For the most part, Social Security is a straightforward concept. You pay taxes to the program throughout your working life, and then, upon reaching retirement age, you collect monthly benefits based in large part on the amount you paid into the system over that career.
Still, there are small shifts to the program every year, and 2015 will be no different. Let’s go over three developments to watch for in 2015 if you’re one of the millions of Americans either paying into or receiving money from Social Security.
Payment amounts and income subject to taxes are rising
In January, Social Security payments will increase 1.7% thanks to the annual cost-of-living increase, and the income limit subject to Social Security taxes increases to $118,500 from $117,500. The average monthly payment to a retiree will be $1,328, up from $1,306 prior to the adjustment.
The maximum possible Social Security benefit to a new retiree just reaching full retirement age in 2015 will also increase to $2,663 per month from $2,642 per month in 2014.
If the payments and increases seem woefully inadequate to cover your lifestyle in retirement, you’re not alone. Social Security was never designed to be your only source of income in retirement — just a foundation to be supplemented with pensions and/or personal savings.
Mailed personal statements are making a comeback (for some people)
Until 2011, Social Security mailed out annual statements telling people who weren’t collecting payments what their eventual benefits would be. Budget cuts curtailed that practice, but it’s making a partial comeback. If you are turning 25, 30, 35, 40, 45, 50, 55, or 60 in 2015, and you haven’t signed up for an online Social Security account, then you can expect to receive a statement this year.
The statement provides an excellent estimate of your benefit and a copy of your earnings record. If you don’t want to wait until your multiple-of-five birthday to see your statement, you can sign up online at this link.
The financial health of the program will be evaluated around April 1
Every year, the Social Security Trustees publish a report detailing the program’s stability and financial health. The report is due by April 1, but it doesn’t always get published on time. The 2014 report, for instance, was published on July 28.

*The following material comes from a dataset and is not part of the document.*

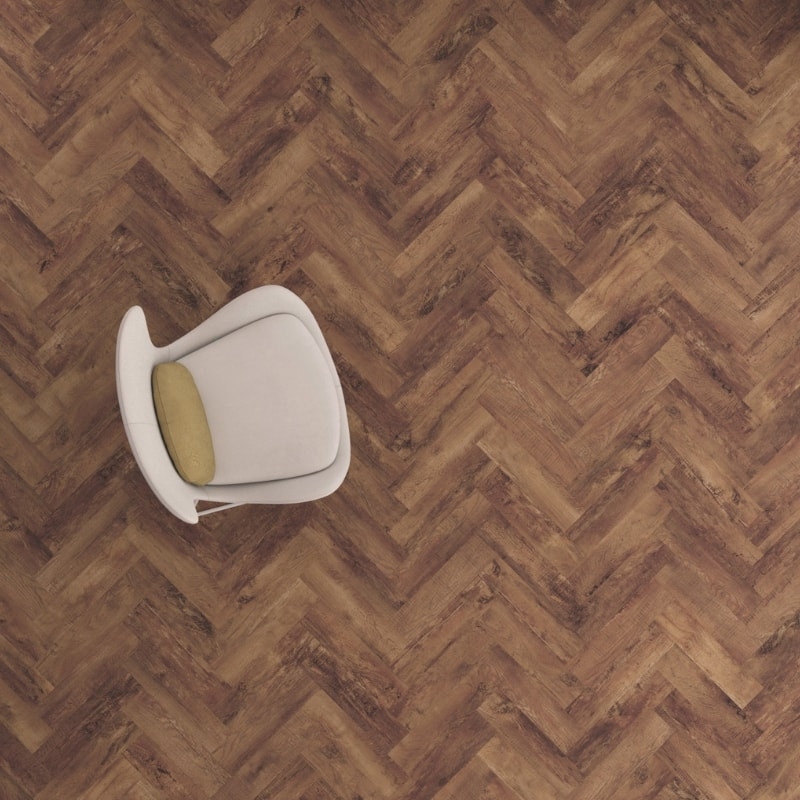 Виниловый пол Moduleo Parquetry Dryback Country Oak 54880 от flatbox.by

Key in that report will be an update on the estimated timeline of when the Social Security Trust Funds will empty. In the last report, the trustees estimated that the funds would empty by 2033 and that payments would be cut by about 23%. History suggests Congress will likely pass some combination of tax hikes and benefit cuts to shore up the system between now and then.
Unless and until that happens, though, your best bet is to invest as if you will have to make up for that cut on your own. After all, if taxes rise to cover the gap, it’s easier to dial back your investing to cover the reduction in your take-home pay than to cut your basic costs of living. On the flip side, if benefits are cut, you’ll be glad you have a buffer built up.
It’s your retirement. Take control
Despite the long-term challenges facing Social Security, it remains a key part of millions of Americans’ retirement plans. It appears there will only be modest adjustments to Social Security in 2015, which provides an excellent opportunity to update your end-to-end retirement plans around what you’ll need to retire comfortably. Take advantage of the relative calm to take control of your retirement. Your future self will thank you for it.